Am Abend des nächsten Tages saß ich überglücklich in der vollbesetzten, von Schülern nur so wimmelnden Großen Halle. Remus auf der rechten Seite neben Severus, wobei ich mit Vergnügen seinen alles andere als wohlwollenden Blick beobachtet. Ich saß wie gewohnt auf der linken Tischseite von Dumbledore zwischen Poppy und Hagrid.
Die Einteilung der Schüler durch den Sprechenden Hut wurde dieses Jahr nicht durch einen Autounfall in die Peitschende Weide unterbrochen. Seit Langem sang sogar der Chor wieder. Die letzten Jahre war diese sonst so erfreuliche Aktion immer ausgefallen. Darum war es umso schöner, die Kinder heute singen hören zu dürfen. So empfand das wohl auch Professor Flitwick, der mit Herzblut den Chor anleitete.
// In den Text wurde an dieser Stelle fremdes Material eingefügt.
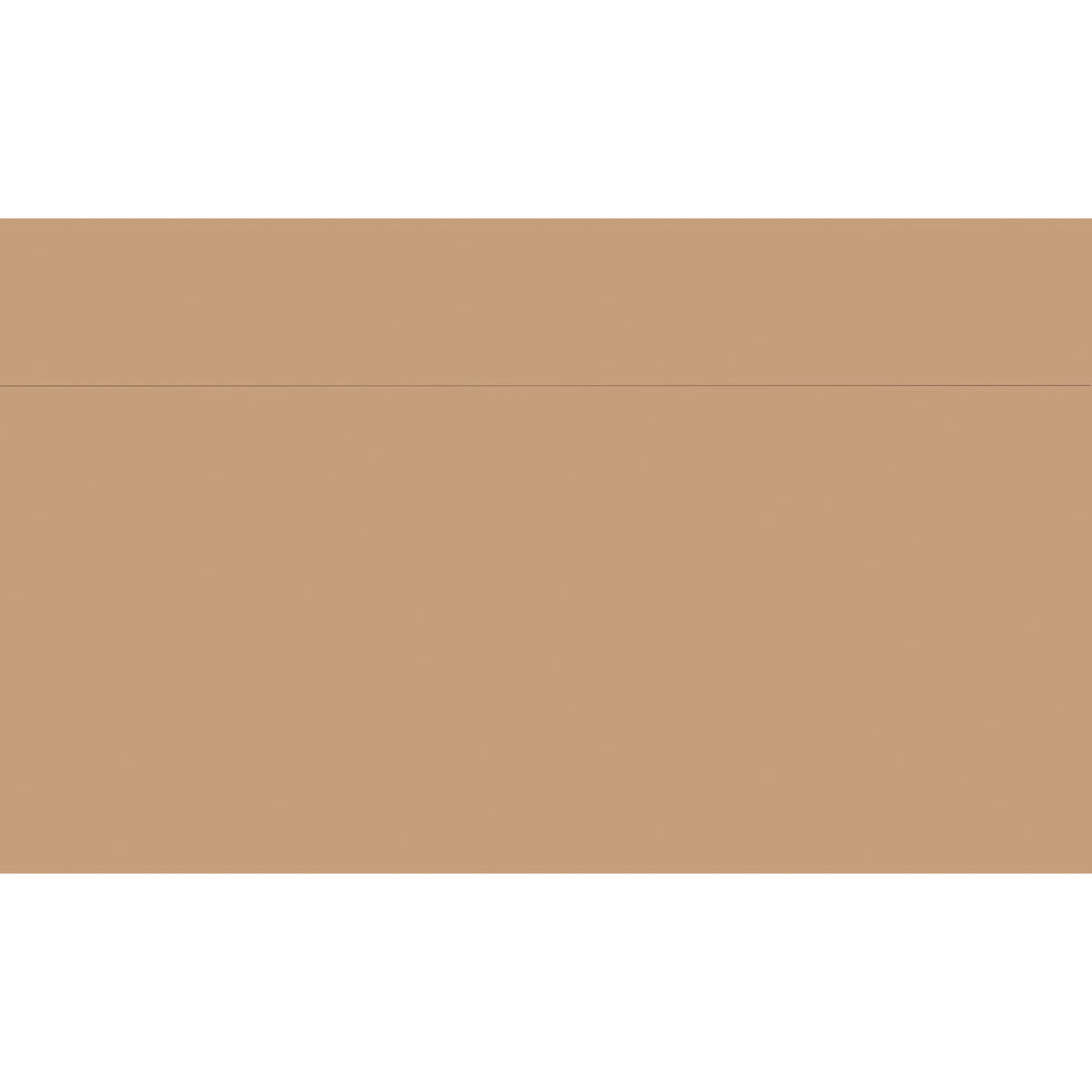 Ένας απλός, ανοιχτόχρωμος καφέ, ορθογώνιος φάκελος, που μοιάζει με τη συσκευασία των χαρτοπετσετών Duni GmbH 33 x 32 cm 1 στρώση Eco καφέ (750 κομμάτια), απεικονίζεται κλειστός σε λευκό φόντο, χωρίς ορατά σημάδια ή διακοσμήσεις.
Bevor das Festessen beginnen konnte, erhob Dumbledore das Wort für seine alljährliche Rede: „Willkommen, zu einem weiteren Jahr in Hogwarts." Schnell war es mucksmäuschen Still geworden. „Ich möchte ein paar Worte an euch richten, bevor das herrliche Festmahl unsere Sinne zu sehr berauscht. Ich freue mich, Professor Lupin willkommen zu heißen, der uns die große Ehre erweist, ab sofort das Fach Verteidigung gegen die Dunklen Künste zu unterrichten. Alles Gute, Professor." Remus stand einmal kurz auf und wurde durch höflichen Applaus Seitens der Schüler begrüßt.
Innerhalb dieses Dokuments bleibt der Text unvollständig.